5. Convince Said Someone To Be Bait

**********************************************

“Harm, please? Look, luv, I-”

“No!”, Harmony said, spinning her chair to put her back to the vampire ghost. “No please. No ‘luv’. I’m not having anything to do with you. After the way you’ve treated me, you’re lucky that I’m even SPEAKING to you!”

Spike sighed. Time for a bit of groveling. Thank God no one was around to see this. He walked slowly around to peek at Harmony from around the back of her chair. “Alright. Then I guess I’ll just have to find some other girl… ‘Course, no one else could be as perfect for this job as you, pet…”

She peeked at him. “Perfect?”

Spike smiled and nodded. “Yeah, baby. Perfect. All you gotta do is sit there and look pretty. You’re wonderful at that.”

Harmony giggled softly. “Well… when you put it that way…”

Spike grinned. “Harm, pet, I’d kiss you if I could. C’mon, luv. Let’s get goin’.”

Harmony smiled and got up, following Spike to an elevator. “Okay.”

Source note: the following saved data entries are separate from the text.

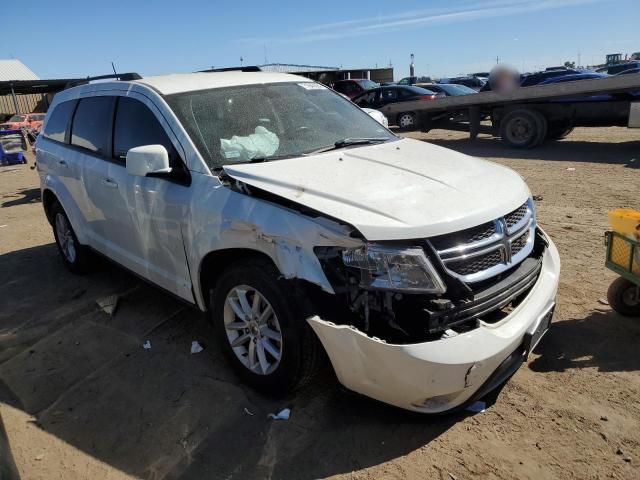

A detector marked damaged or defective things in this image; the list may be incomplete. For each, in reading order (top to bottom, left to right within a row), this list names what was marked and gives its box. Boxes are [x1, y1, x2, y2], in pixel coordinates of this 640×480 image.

damaged white suv [36, 70, 560, 412]
damaged hood [222, 138, 532, 242]
broken headlight [340, 246, 444, 294]
crushed front bumper [308, 233, 556, 412]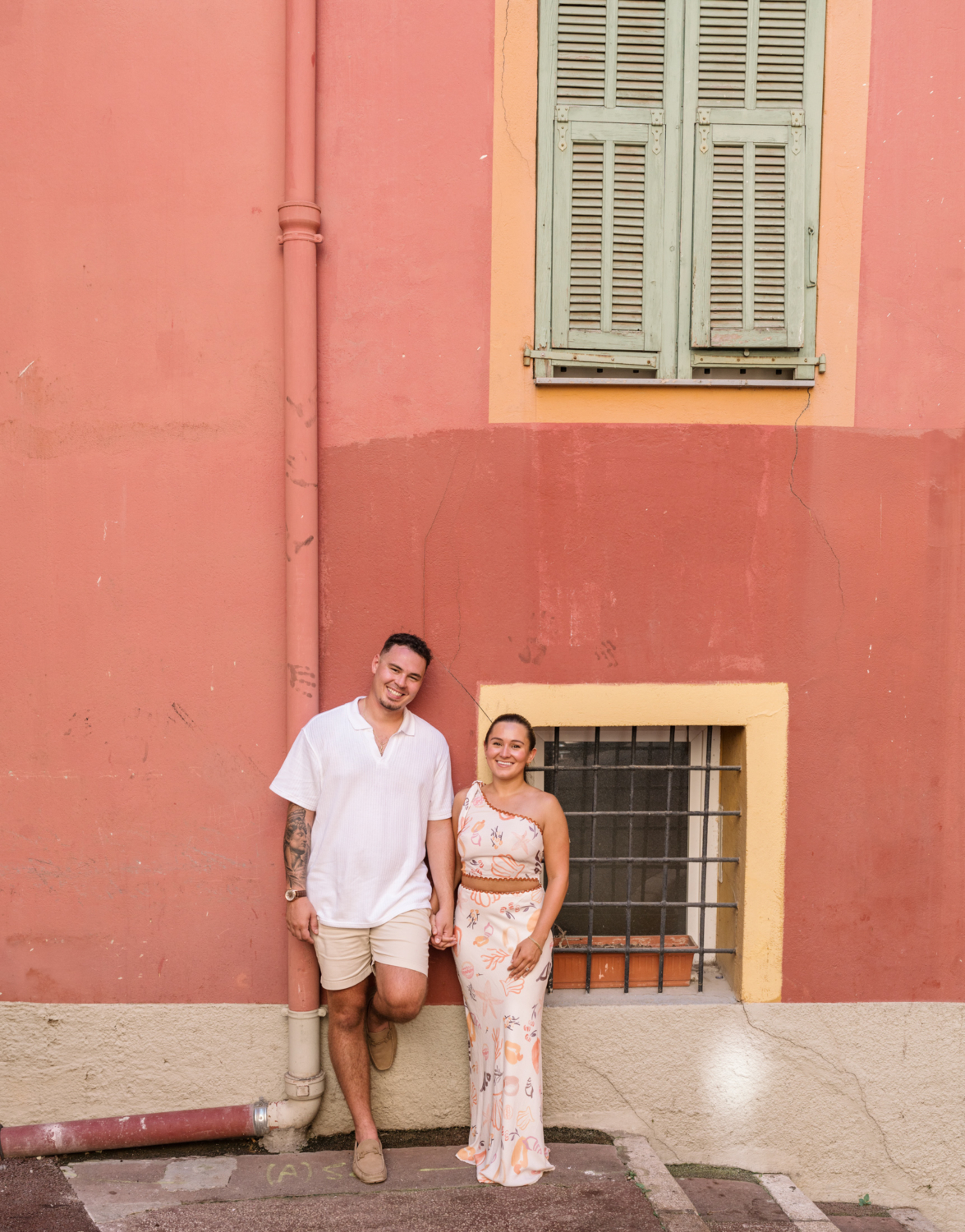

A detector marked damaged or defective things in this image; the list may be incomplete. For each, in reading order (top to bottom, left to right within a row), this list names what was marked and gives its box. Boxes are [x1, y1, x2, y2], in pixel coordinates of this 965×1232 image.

crack in wall [793, 389, 848, 611]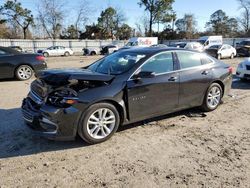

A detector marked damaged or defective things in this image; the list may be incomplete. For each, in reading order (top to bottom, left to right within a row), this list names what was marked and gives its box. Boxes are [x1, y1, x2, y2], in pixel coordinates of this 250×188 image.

crumpled hood [36, 68, 115, 86]
damaged black car [22, 47, 232, 143]
detached bumper [21, 97, 80, 140]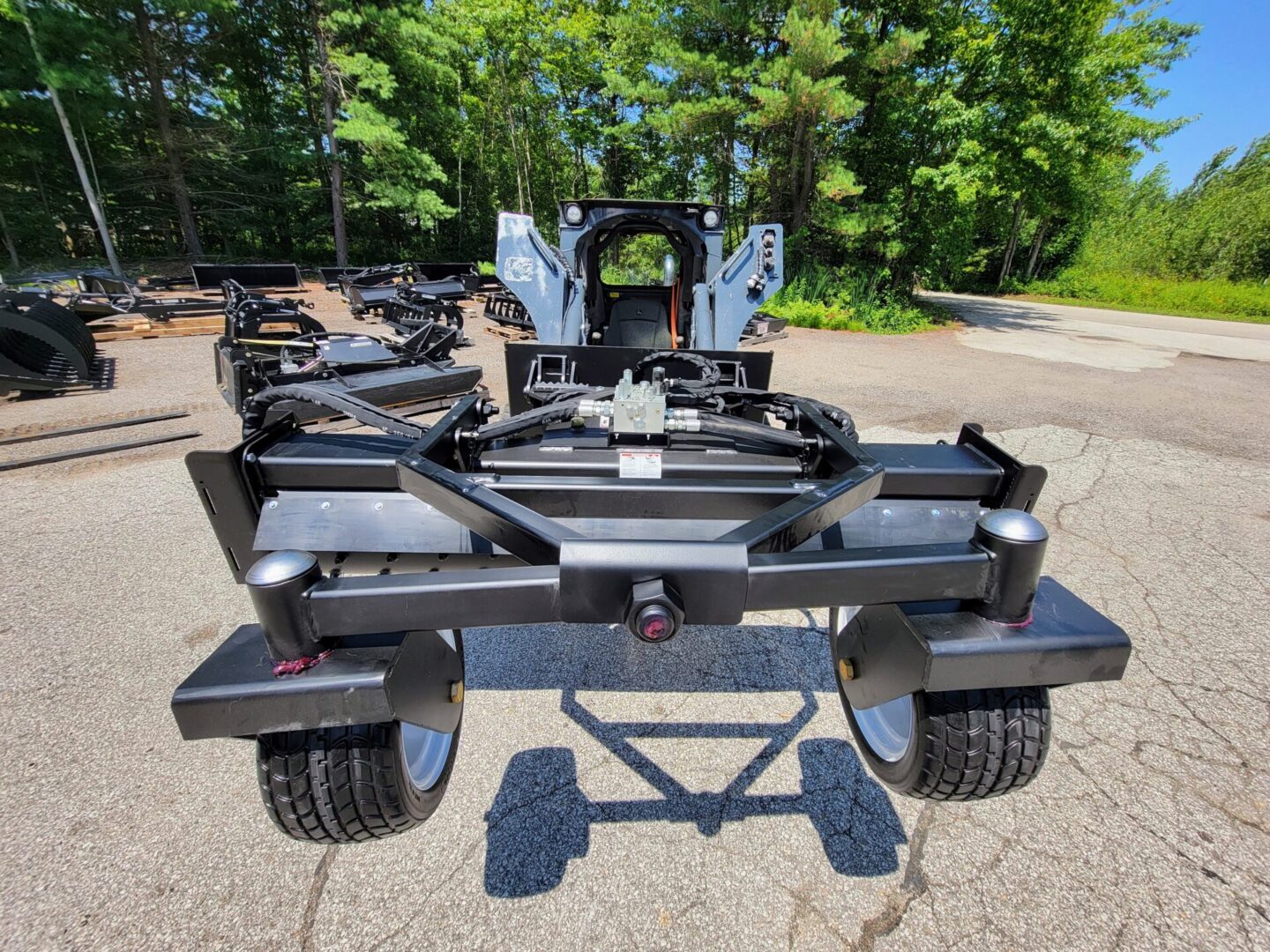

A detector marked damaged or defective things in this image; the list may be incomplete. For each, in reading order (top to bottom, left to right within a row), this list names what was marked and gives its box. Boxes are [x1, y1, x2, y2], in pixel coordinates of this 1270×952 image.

cracked asphalt [0, 293, 1265, 952]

****************************************************

6. Prepare And Spring Aforementioned Trap

****************************************************

Harmony swallowed, shifting in the chair on which she was sitting, in front of the elevator that would soon become the were-tech’s grave.

Assuming, of course, that the trap worked.

“I don’t know about this…”, Harmony mumbled, looking down at the large hunk of raw meat in her lap. “Why do I have to sit here holding a steak, again?”

Spike smirked, then hid it. “‘Cause we’re tryin’ to make you extra attractive, luv… You know how all big uglies like raw meat. Especially when it’s held by a damsel in distress.”

Harmony blinked. “I’m not in distress…”

From the corner, Gunn muttered, “I am.”

Spike shot the insta-lawyer a glare, then looked back at Harmony. “You wanted to be an actress at one point, didn’t you, pet? Act like you’re in distress.”

Harmony looked up at Spike and smiled a bit. “I didn’t think you ever listened when I talked about stuff I wanted to do…”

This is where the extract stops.